Prima un hype mediatico poderoso, poi la disillusione; suonano infine come un epitaffio le parole del Segretario del Consiglio di sicurezza Danilov, riguardo la controffensiva ucraina. “Le speranze non si sono avverate”. Sono i russi, con l'arrivo dell'inverno, a spingere; specie ad Avdiivka - a rischio accerchiamento –, e nel settore di Bakhmut: toponimo simbolo degli orrori della guerra. Rivendicate avanzate anche nella regione di Zaporizhzhia. Nessuna manovra di ampio respiro, però, ma sanguinosi scontri di fanteria; sotto la costante minaccia dei droni. Situazione prossima allo stallo; senonché Mosca è convinta che il tempo giochi a proprio favore. Consapevole del rischio Zelensky; da Washington appelli carichi di pathos: “siamo l'ultima frontiera a est”.
E critiche al Congresso americano, dove nei giorni scorsi si era arenato il disegno di legge della Casa Bianca con uno stanziamento da oltre 60 miliardi di dollari per Kiev; con l'ala repubblicana all'attacco sulle politiche migratorie. Da qui l'importanza, oggi, degli incontri a Capitol Hill, in particolare il faccia a faccia con lo speaker della Camera Mike Johnson: de facto uomo chiave, in questa fase. A seguire il momento culminante, a livello simbolico: il colloquio con Joe Biden. Infragilito da un imminente voto per l'impeachment, e da sondaggi impietosi; resta tuttavia il riferimento principale per Zelensky: reduce da un viaggio in Argentina per la cerimonia di insediamento di Milei.

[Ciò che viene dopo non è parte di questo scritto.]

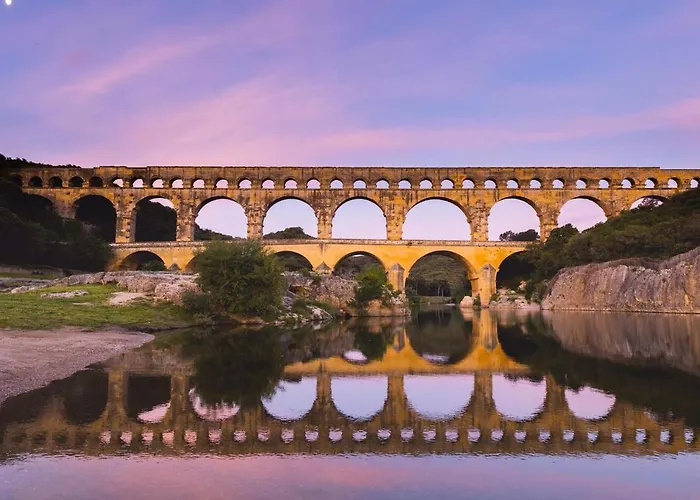 Οργανωμένο κάμπινγκ Evasion En Pleine Nature, Tipi Insolite Et Jacuzzi Au Pont Du Gard ! Vers Pont du Gard
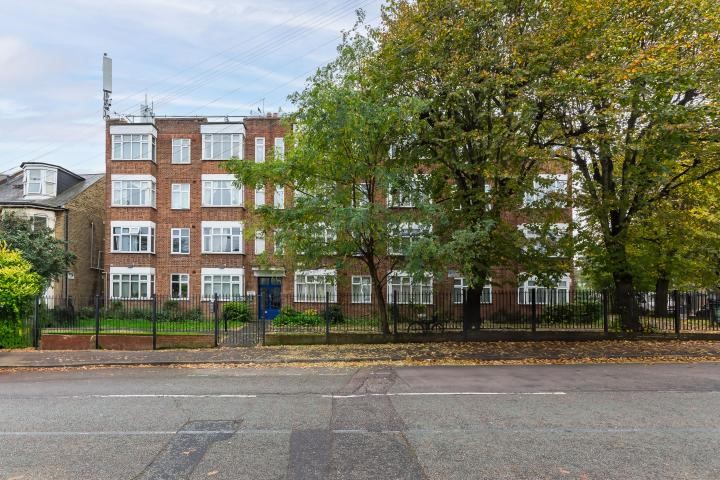 Fairlop Court, Fairlop Road, London, E11 1/8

L'abbraccio ad un personaggio così controverso, pare la fotografia del difficile momento del leader ucraino: alla costante ricerca di alleati per sostenere lo sforzo bellico. Turbolenze anche sul fronte interno, dopo le dure prese di posizione del Sindaco della Capitale Klitschko e le voci di dissidi con un personaggio molto popolare come il generale Zaluzhny. Ad agitare la leadership anche lo scetticismo che da tempo pare serpeggiare nel Vecchio Continente; al netto delle dichiarazioni di oggi del neo-Premier polacco Tusk. Nella settimana del vertice UE – con all'ordine del giorno l'apertura dei negoziati di adesione – la doccia gelata del “no” austriaco alla procedura rapida per l'Ucraina. Che fa il paio con il veto già annunciato dall'Ungheria. Ormai una chimera, insomma, la richiesta unanimità. A completare il quadro in queste ore l'attacco hacker alla principale società ucraina di telecomunicazioni; si è subito parlato di atto di guerra da parte della Russia. Nel mirino anche una delle maggiori banche del Paese.